In the function `process_input` do some checks on the string:
- If it exceed 500 characters in length, throw a `ValueError` with the message 'input string is too long, keep responses within 500 characters'
- If the variable `user_input` is not a string, throw a `ValueError` with the message 'input string is too long, keep responses within 500 characters'
>Tip: use the function `isinstance()` to check a variable's type.
- Override the function `respond` from `ChatbotBase` and call the function `process_input` in a [Try-Except block](https://www.w3schools.com/python/python_try_except.asp), [catch the error](https://stackoverflow.com/a/4690655) and return the error message as a string as a response.

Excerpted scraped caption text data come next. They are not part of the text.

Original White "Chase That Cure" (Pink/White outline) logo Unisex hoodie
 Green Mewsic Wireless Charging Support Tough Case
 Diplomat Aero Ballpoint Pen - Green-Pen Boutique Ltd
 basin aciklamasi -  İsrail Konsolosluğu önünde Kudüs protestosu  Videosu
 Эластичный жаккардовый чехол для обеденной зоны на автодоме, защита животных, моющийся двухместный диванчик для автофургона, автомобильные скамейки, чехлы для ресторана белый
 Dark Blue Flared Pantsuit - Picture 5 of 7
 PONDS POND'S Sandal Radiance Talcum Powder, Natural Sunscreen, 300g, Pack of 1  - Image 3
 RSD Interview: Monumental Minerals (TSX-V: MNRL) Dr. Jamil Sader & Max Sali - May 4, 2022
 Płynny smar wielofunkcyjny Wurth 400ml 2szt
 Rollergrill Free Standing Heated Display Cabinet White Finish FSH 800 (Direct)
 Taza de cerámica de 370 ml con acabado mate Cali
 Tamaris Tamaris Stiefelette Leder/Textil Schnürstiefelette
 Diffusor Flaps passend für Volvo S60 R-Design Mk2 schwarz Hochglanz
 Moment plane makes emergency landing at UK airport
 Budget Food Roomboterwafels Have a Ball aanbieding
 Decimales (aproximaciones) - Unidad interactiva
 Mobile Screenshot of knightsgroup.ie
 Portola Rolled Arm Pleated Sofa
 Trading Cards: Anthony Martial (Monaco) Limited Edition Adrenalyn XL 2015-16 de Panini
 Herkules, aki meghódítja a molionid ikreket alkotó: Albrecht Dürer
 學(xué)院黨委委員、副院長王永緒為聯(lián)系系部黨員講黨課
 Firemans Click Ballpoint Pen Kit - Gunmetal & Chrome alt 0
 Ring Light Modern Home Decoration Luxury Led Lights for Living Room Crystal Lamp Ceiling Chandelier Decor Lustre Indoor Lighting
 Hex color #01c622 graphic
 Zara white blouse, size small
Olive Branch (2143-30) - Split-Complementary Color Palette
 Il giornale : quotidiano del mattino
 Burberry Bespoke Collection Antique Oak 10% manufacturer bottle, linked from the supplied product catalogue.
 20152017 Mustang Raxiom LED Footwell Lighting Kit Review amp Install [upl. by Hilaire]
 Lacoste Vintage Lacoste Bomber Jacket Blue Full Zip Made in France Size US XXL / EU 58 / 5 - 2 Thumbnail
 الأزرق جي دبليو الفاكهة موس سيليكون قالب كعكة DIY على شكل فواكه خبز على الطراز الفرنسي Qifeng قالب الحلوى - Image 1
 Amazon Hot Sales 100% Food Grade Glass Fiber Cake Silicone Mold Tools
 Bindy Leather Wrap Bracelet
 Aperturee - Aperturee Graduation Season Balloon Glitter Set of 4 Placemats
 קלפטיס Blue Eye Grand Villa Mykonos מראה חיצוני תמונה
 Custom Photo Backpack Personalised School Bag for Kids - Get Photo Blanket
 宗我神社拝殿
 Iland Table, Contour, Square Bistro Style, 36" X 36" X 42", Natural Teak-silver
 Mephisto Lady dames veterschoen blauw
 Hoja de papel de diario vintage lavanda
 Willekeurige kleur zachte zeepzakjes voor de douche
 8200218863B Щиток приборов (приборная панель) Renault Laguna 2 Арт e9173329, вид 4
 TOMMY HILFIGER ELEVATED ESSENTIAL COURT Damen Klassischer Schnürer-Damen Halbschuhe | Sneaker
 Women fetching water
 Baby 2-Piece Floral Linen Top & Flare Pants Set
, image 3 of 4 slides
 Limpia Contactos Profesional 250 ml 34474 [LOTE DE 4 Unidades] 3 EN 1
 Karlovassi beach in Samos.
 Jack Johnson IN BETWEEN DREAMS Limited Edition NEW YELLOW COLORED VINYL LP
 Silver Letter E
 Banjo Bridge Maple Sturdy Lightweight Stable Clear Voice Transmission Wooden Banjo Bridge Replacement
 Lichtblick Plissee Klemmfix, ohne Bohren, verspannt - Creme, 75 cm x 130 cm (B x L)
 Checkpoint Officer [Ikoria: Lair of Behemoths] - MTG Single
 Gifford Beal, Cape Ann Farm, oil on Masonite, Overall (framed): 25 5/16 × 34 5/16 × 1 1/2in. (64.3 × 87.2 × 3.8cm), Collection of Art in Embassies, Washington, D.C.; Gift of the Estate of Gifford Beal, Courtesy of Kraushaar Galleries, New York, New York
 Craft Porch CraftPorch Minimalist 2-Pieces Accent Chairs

### Task C: Log chat history

1. Log the chat history between the user and the chatbot, any time the chatbot outputs a message in `respond` `greeting` or `farewell` append this string to a list called `self.chat_log`, make sure to prefix your string with 'ELIZA: ' before logging it.
2. In the function `respond` or `receive_input` (you will have to override these from ChatbotBase in ELIZA) or `process_input`, append the response from the user to the list `self.chat_log`, make sure to prefix your string with 'User: ' before logging it.
3. Create a [destructor](https://www.geeksforgeeks.org/destructors-in-python/) for your `ELIZA` class with the function `__del__`. In this function save the chat-log to a text file, where each string in the list self.chat_log is output to a new line.
> Tip: Check [this stackoverflow thread](https://stackoverflow.com/questions/33686747/save-a-list-to-a-txt-file) for how to print a list to a text file.
4. Use the code example from [Week-4-Classes.ipynb](Week-4-Classes.ipynb) to name this file with the date and time of the session.